The looming CBAM, which includes an auditing process that could start this October, is already prompting big ticket investments, said Kaemmer.
He pointed to Italy-based stainless steel rolling mill operator Marcegaglia S.p.A. buying a scrap-fed stainless melt shop in the United Kingdom last year as one such move, and said China-based Tsingsha Steel, which has long relied on NPI, is opening a production line based on scrap.
“This is a game changer, and it is closer than we all think,” Kaemmer concluded about looming CBAM systems in Europe and North America.
Fellow panelist Vishal Wadwha of India-based Jindal Stainless stated that using 1 ton of stainless steel scrap in the production process saves up to 4.3 tons of CO2 being released into the atmosphere, calling scrap “the champion for Scope 3 emissions reduction.”
A global pursuit of lower carbon footprints will lead to a “resetting of market prices of key raw materials,” including scrap and NPI, Wadwha predicted. Higher stainless scrap prices should lead to increased urban mining, he added, but also could lead to “scrap nationalism” protective measures.
Gopal Gupta of India-based Laxcon Steel Ltd., whose company produces 200,000 tons per year of stainless long products, is planning to double his company’s scrap-fed induction furnace-based output, and at the moment expresses satisfaction with his firm’s scrap providers.
“We are very, very happy with our suppliers,” Gupta said. “Out of 100 containers, we may have complaints about only one or two.

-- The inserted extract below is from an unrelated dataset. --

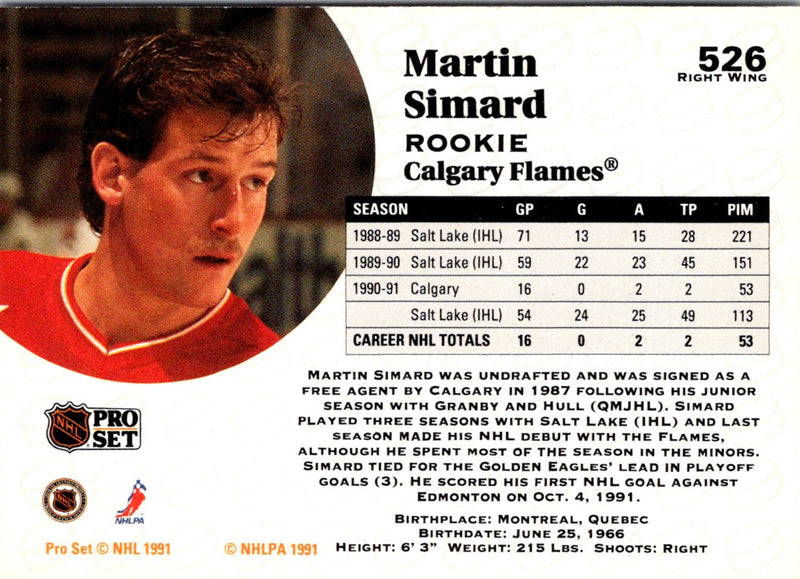 1991 Pro Set Martin Simard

The quality is much better than 10 years ago.”
Oryx’s Kaemmer predicted scrap quality and demand will continue to rise, with producers of goods such as automobiles and dishwashers beginning to market the low carbon footprints and recycled content of their finished products.
Regarding the previous decade’s boom in NPI use in Asia, he said, “This reduced the cost but introduced more carbon in the atmosphere. There is now a [bigger] CO2 problem in the stainless sector that wasn’t there before, and I don’t think that’s a very smart development.”
The MRAI 2023 International Business Summit was Aug. 21-22 at the Marriott Marquis Queen’s Park in Bangkok.